Anco dico che, nel conoscimento di voi, voi trovarete la clemenza dolce dello Spirito santo, che è quella parte che non dona - né è altro - che amore, e ciò ch'egli fa e aduopara, aduopara per amore. Questo affetto trovarete nell'anima vostra; poiché la volontà non è altro che amore, ogni suo affetto e movimento non si muove per altro che per amore: ama e odia quello che l'occhio del conoscimento ha veduto e inteso. Orbene è vero dunque, carissima madre, che dentro nella cella dell'anima voi trovarete tutto Dio, lo quale dà tanta dolcezza, refrigerio e consolazione che per nessuna cosa che avenga si può turbare, però ch'ell'è fatta capace della volontà di Dio, poiché ha gitato fuori di sé ogni amore proprio, e tutte quelle cose che son fuori della volontà di Dio.

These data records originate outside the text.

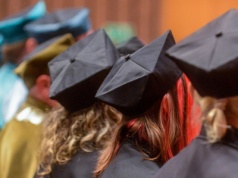 Dyplom przydatny, ale niewystarczający. Rynek pracy się zmienił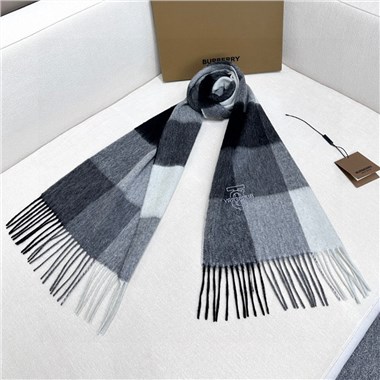 BURBERRY  2025秋冬新款時尚圍巾 尺寸：168-30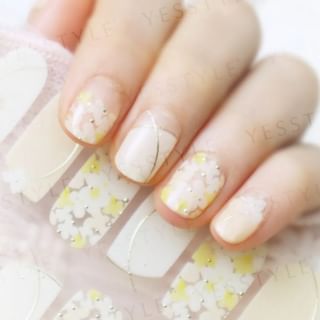 Lunacaca - Drifting Flower Rain Nail Art Stickers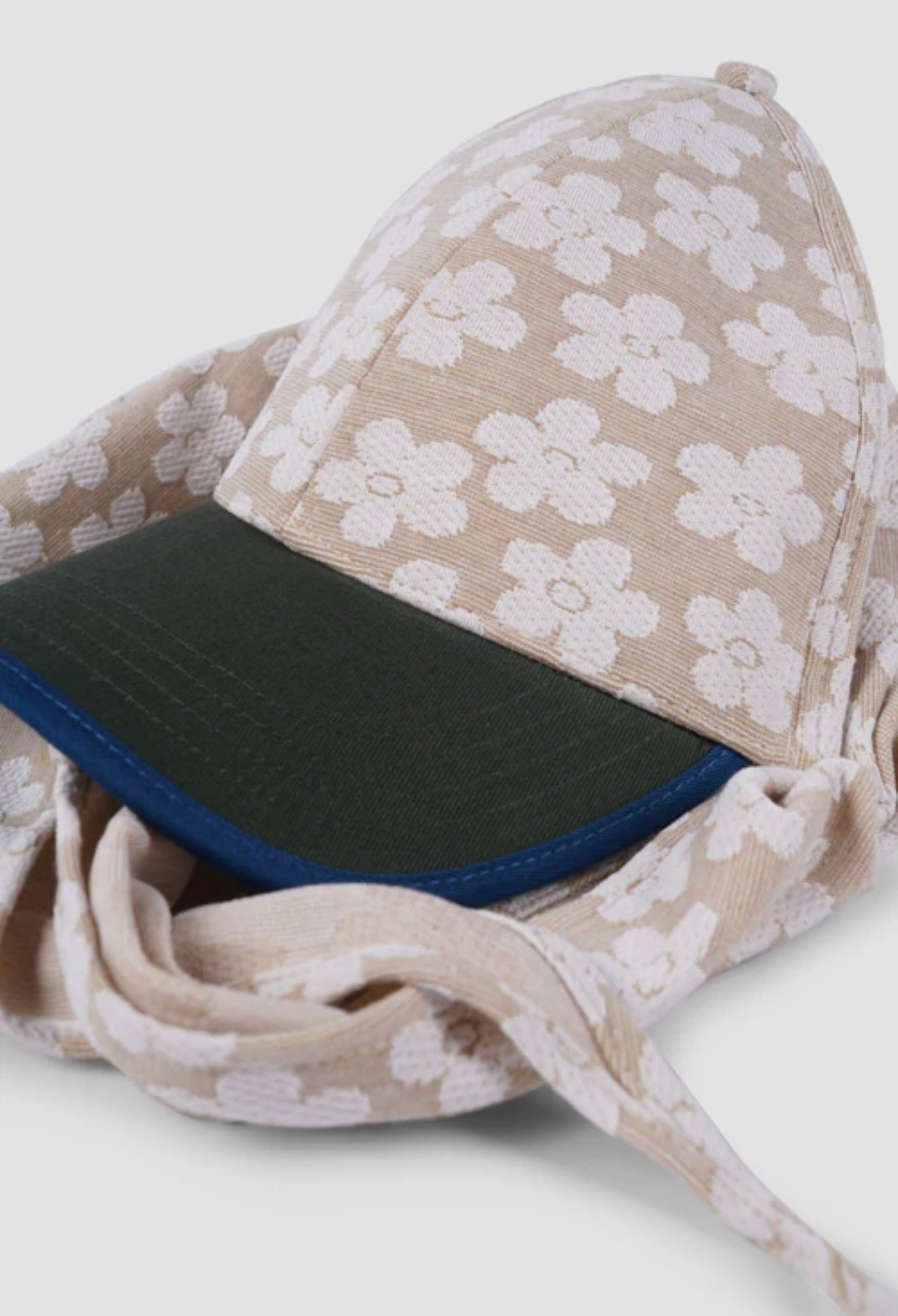 CAP FLOWER PATTERN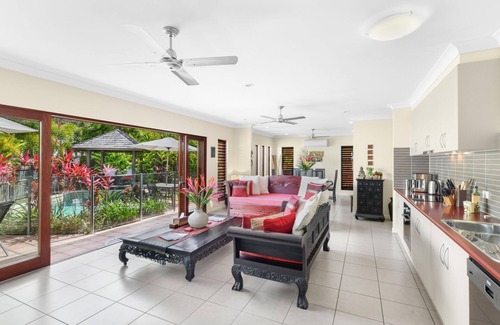 Palm Cove Casa | Belle Escapes Villa Latania Palm Cove
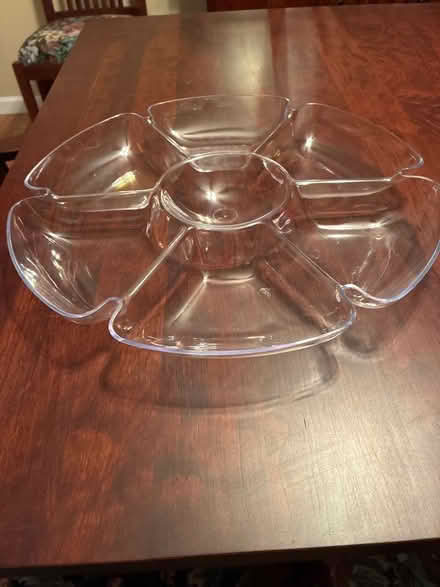 Photo of free Round serving platter (Smoky Hill Rd & Tower Rd) #1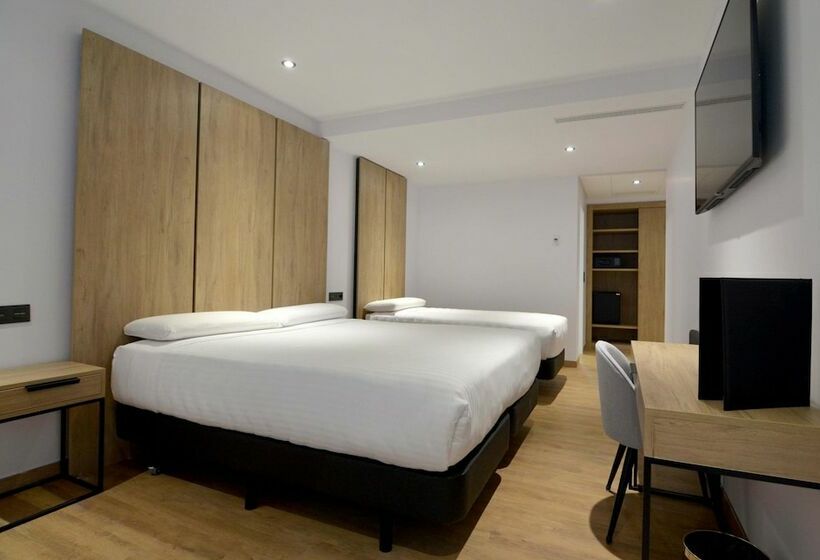 اتاق استاندارد, Uve Marcenado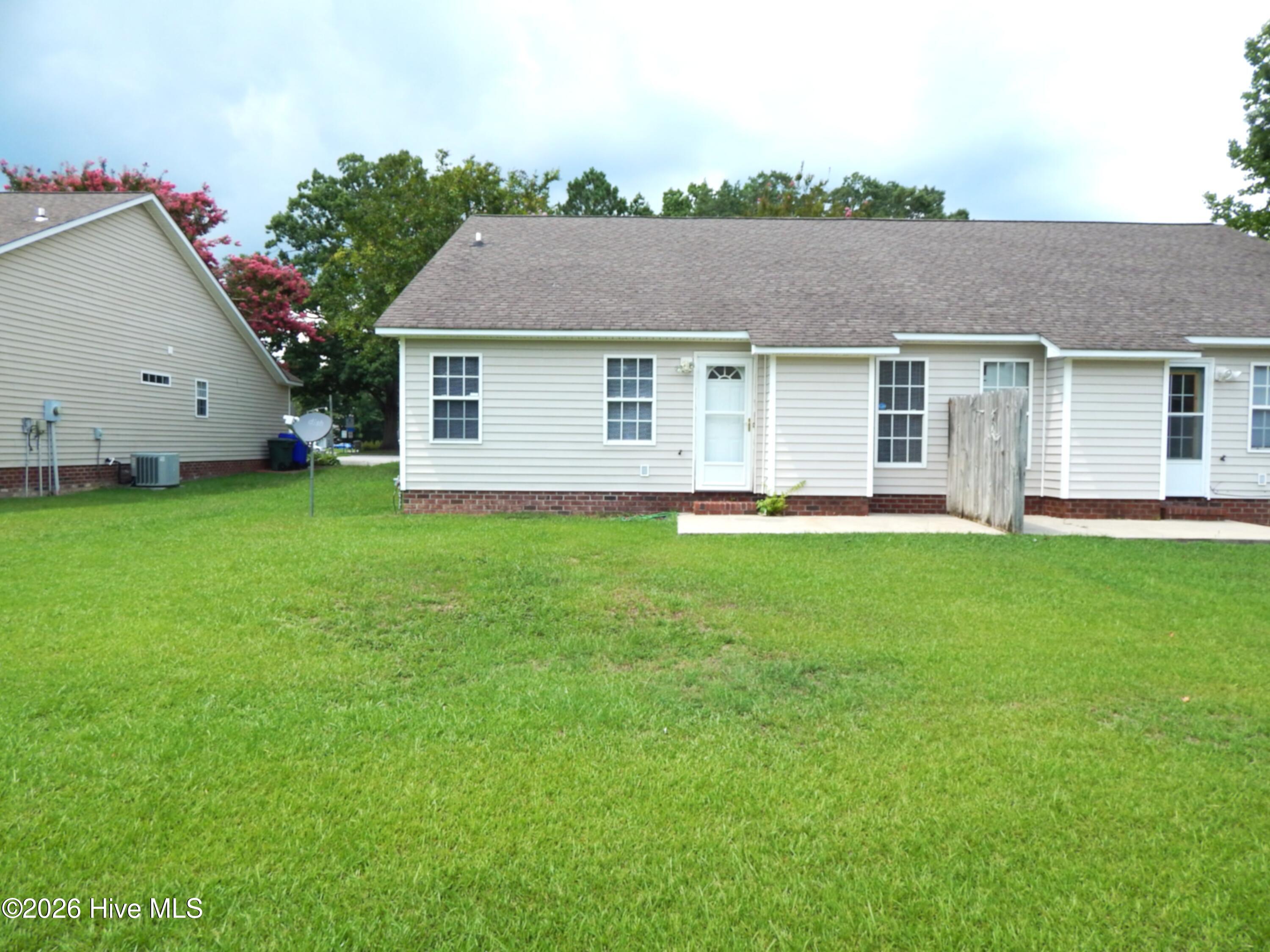 2903 Flintridge Drive Property Photo 22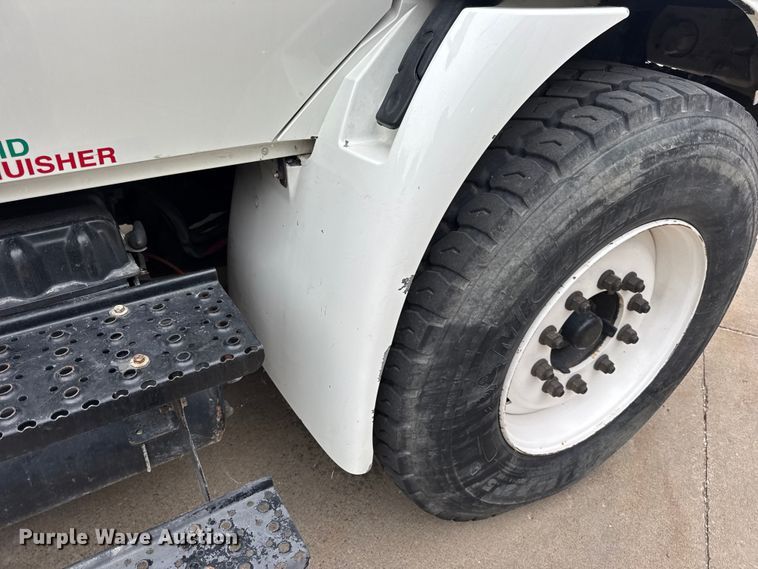 image for item DO2269 2006 International 4300 bucket truck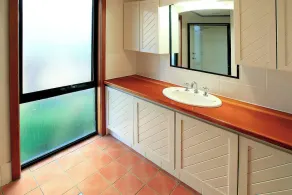 Melaleuca Stunning Ocean Views and Coastal Comforts - Image 2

Dirittamente l'anima allora diventa un giardino pieno di fiori odoriferi di santo desiderio; e nel mezzo v'è piantato l'albore della santissima croce, dove si riposa l'Agnello immacolato, lo quale diriga sangue, bagna e alaga questo glorioso giardino, e tiene in sé i frutti maturi delle vere e reali virtù. Se volete pazienza, ine è fondata mansuetudine, in tanto che non è udito lo grido dell'Agnello per nessuna mormorazione; umilità profonda, vedendo Dio umiliato all'uomo, e il Verbo umiliato all'obrobiosa morte della croce; se carità, egli è essa carità: anco più, ché la forza dell'amore e della carità l'ha tenuto confitto e chiavellato in croce. Non erano suficienti i chiodi e la croce a tenere Dio e Uomo, se la forza della carità non l'avesse tenuto.

Non mi maraviglio se quella che ha fatto di sé giardino per conoscimento di sé, ella è forte contro tutto quanto lo mondo; però ch'ell'è conformata e fatta una cosa con la somma fortezza. Veramente ella comincia a gustare la caparra di vita eterna in questa vita; ella signoreggia il mondo, poiché se ne fa beffe.

I demoni temono d'aprossimarsi all'anima che arde nella divina carità. Orsù, carissima madre, non voglio che dormiate più in negligenzia né nell'amore sensitivo; ma con uno ardentissimo e smisurato amore vi levate su, bagnandovi nel sangue di Cristo, e nascondendovi nelle piaghe di Cristo crocifisso.

Non dico più. Sono certa, se starete in cella, come detto è, non trovarete altro che Cristo crocifisso. E così dite a Curado che facci questo medesimo.

Rimanete etc. Gesù dolce, Gesù amore, Maria.